The problem -> Retype only what runs from the first line of the records to the line with "If you've forgotten", inclusive, and no pictures.

= = = = = = =

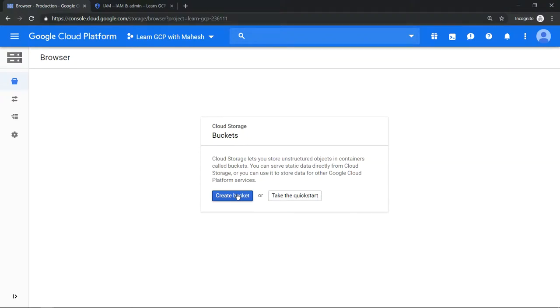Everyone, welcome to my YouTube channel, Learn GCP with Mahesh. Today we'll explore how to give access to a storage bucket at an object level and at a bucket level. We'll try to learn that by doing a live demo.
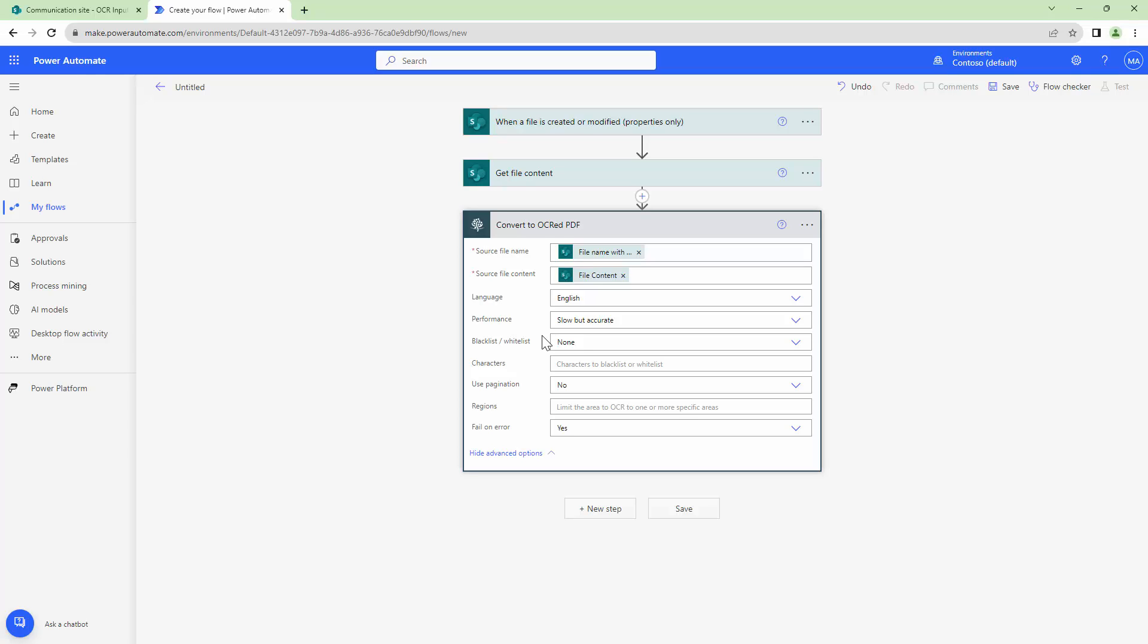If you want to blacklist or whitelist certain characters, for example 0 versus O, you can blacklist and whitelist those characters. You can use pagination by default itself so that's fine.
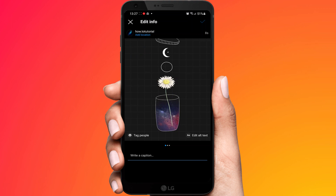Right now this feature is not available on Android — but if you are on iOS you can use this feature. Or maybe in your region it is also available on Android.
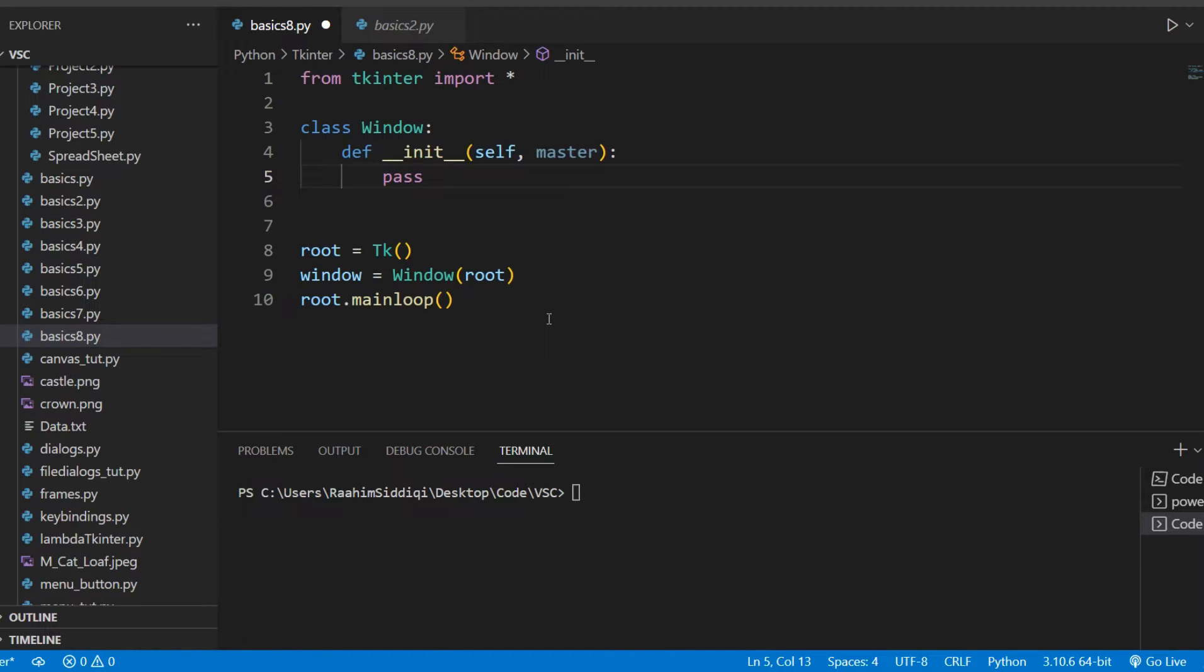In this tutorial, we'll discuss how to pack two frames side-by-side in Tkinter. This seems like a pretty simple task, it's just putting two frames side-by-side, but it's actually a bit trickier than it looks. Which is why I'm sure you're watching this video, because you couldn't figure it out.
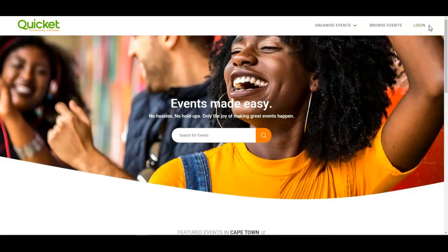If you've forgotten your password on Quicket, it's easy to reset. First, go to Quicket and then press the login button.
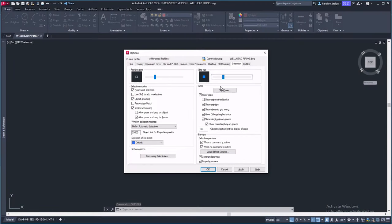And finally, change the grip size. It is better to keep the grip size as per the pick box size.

= = = = = = =

Exercise output ->
Everyone, welcome to my YouTube channel, Learn GCP with Mahesh. Today we'll explore how to give access to a storage bucket at an object level and at a bucket level. We'll try to learn that by doing a live demo.
If you want to blacklist or whitelist certain characters, for example 0 versus O, you can blacklist and whitelist those characters. You can use pagination by default itself so that's fine.
Right now this feature is not available on Android — but if you are on iOS you can use this feature. Or maybe in your region it is also available on Android.
In this tutorial, we'll discuss how to pack two frames side-by-side in Tkinter. This seems like a pretty simple task, it's just putting two frames side-by-side, but it's actually a bit trickier than it looks. Which is why I'm sure you're watching this video, because you couldn't figure it out.
If you've forgotten your password on Quicket, it's easy to reset. First, go to Quicket and then press the login button.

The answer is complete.